Magdala - the Pompeii of Israel
Mary Magdalene is a woman who’s sinful reputation has often been greatly misunderstood and misrepresented but Jesus elevated this contrite woman, this great sinner, to be the symbol of hope for all sinners.
Turns out that Mary gets her name from the town of Magdala, a town on the shores of the Galilee that is estimated to have been populated by nearly 40,000 people and a fleet of over 200 boats. Mary was a a wealthy woman, and she must have has substantial savings/earnings if she was living as a single woman. It is unfortunate that her identity became confused with the biblical Mary who had been a prostitute and cured of seven demons. Mary's reputation first became besmirched after Pope Gregory the Great gave a homily in 591 where he linked the Mary's together.
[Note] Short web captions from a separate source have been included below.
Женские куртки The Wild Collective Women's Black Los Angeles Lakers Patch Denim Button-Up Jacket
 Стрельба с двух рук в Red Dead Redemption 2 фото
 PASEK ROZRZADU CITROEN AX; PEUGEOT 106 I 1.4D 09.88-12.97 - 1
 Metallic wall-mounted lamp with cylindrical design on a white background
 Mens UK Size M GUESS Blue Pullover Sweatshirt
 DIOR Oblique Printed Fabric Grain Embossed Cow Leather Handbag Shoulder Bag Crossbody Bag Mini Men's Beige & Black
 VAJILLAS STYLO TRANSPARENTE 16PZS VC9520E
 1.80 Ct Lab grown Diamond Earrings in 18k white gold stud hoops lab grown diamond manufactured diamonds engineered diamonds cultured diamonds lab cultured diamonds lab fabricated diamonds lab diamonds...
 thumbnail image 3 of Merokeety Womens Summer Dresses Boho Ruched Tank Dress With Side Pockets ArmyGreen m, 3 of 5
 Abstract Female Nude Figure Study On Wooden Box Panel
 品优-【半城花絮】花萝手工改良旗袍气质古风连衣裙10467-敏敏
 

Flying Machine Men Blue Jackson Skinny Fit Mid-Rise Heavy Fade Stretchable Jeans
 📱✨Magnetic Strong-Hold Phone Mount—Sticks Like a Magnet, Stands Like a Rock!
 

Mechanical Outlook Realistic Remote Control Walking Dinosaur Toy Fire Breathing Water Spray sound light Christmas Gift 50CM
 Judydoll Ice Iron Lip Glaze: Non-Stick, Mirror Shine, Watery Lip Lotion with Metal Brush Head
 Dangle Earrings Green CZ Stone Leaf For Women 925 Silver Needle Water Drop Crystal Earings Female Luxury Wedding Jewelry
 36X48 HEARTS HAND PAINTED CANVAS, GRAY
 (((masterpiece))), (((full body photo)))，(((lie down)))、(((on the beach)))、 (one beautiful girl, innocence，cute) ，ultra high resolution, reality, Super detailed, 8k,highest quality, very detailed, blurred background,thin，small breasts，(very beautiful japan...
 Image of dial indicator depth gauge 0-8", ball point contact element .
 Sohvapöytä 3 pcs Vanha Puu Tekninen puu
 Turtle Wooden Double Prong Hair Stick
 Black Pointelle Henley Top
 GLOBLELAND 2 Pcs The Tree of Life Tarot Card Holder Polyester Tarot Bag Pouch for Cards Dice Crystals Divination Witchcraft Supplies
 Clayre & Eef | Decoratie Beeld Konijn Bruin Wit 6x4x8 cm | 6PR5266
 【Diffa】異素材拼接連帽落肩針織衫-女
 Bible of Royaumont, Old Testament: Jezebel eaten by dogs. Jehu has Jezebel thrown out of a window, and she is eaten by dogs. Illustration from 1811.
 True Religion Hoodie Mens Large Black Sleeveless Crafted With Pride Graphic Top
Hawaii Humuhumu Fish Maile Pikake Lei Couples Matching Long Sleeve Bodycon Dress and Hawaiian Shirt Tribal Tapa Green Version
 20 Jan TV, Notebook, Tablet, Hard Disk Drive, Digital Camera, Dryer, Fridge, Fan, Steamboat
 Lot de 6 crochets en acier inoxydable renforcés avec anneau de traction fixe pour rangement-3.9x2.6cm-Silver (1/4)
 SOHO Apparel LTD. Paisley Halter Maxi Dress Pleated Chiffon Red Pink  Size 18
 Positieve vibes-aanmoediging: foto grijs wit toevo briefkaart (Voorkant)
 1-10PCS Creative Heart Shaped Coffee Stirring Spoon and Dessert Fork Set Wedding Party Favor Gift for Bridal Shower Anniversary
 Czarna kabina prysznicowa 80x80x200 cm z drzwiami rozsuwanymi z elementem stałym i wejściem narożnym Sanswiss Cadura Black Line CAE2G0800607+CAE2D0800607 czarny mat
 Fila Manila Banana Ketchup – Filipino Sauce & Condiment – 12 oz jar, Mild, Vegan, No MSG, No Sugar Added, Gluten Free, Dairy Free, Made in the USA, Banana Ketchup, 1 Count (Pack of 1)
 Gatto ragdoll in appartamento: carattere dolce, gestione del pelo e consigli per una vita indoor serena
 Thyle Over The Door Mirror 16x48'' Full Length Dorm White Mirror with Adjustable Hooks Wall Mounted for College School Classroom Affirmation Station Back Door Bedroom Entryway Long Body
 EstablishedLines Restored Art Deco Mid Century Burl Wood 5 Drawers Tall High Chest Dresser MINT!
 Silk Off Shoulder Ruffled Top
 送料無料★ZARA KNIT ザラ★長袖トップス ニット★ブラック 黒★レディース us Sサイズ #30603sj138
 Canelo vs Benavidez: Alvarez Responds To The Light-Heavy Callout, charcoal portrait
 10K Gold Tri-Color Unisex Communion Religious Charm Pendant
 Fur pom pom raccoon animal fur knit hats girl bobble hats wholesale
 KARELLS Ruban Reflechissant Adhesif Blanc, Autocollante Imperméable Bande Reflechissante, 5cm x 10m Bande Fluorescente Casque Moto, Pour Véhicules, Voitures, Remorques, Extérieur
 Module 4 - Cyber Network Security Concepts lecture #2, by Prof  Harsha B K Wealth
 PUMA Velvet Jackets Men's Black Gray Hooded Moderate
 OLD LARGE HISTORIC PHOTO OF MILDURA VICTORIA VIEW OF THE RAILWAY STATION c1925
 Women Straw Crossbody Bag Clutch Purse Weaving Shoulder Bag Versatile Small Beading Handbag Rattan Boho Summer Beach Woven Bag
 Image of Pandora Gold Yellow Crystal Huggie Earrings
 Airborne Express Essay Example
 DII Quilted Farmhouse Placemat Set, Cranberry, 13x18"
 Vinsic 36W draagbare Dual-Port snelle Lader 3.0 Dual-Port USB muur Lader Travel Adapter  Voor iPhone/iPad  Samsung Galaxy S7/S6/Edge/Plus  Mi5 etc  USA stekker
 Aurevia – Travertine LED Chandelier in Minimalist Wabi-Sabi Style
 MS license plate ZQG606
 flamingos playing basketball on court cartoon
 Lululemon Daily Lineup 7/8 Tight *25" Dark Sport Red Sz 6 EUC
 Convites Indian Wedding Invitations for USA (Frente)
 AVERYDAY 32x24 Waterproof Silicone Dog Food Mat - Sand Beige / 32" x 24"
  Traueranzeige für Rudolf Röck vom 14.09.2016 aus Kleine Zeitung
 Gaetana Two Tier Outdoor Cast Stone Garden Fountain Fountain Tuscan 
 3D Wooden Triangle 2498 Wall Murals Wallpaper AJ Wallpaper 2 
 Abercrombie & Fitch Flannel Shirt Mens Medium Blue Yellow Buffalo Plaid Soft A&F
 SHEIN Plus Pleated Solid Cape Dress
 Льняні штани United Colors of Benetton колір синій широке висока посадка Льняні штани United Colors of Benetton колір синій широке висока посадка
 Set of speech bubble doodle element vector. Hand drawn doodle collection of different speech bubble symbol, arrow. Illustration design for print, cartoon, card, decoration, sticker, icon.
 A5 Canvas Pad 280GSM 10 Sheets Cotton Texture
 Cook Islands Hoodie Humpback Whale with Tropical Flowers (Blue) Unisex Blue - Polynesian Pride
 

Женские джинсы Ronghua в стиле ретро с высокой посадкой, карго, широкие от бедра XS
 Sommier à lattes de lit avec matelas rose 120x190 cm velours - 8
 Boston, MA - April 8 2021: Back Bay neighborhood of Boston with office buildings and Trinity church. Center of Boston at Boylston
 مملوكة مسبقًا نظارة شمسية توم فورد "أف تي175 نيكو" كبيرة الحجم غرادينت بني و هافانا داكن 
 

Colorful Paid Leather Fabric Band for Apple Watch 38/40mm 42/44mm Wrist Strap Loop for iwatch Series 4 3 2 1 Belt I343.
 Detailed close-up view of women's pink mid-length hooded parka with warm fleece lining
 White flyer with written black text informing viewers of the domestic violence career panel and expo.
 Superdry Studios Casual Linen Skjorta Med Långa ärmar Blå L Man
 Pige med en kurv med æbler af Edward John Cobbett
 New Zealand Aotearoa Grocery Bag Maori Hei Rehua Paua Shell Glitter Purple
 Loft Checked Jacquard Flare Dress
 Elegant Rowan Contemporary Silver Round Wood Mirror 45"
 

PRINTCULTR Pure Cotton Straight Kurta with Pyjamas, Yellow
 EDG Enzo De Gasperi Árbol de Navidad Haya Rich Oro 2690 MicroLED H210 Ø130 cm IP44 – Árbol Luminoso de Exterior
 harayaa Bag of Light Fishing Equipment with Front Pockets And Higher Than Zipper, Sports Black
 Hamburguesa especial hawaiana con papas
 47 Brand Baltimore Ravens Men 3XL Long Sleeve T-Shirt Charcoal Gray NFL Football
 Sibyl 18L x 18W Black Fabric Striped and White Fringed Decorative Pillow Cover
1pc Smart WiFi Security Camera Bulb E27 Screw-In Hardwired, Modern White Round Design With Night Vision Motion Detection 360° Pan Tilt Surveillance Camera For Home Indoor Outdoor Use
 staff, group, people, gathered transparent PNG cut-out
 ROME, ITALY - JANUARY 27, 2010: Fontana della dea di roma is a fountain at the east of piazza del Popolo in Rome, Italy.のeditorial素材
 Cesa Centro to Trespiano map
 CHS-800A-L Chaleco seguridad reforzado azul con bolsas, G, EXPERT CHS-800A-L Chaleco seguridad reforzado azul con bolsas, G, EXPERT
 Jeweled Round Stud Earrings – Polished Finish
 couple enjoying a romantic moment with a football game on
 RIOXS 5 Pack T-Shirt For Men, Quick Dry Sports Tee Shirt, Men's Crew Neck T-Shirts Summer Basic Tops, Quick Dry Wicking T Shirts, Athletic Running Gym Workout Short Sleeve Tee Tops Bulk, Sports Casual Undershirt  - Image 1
Folks got confused and ever since there have been tall spun until the most recent scandal as portrayed by Dan Brown in his DaVinci Code disaster.
What we do know about Mary, "The Apostle of the Apostles" is that she accompanied Jesus to the foot of the Cross and later she met him at the tomb as the first “witness of Divine Mercy.” St. John's Gospel tells us that Mary Magdalene wept because she could not find the body of the Lord, and that Jesus had mercy on her by letting himself be known as her Master, thus transforming her tears from sad to glad.
“Her tears at Christ’s empty tomb are a reminder that sometimes in our lives, tears are the lenses we need to see Jesus.” said Pope Francis during a Mass in 2013.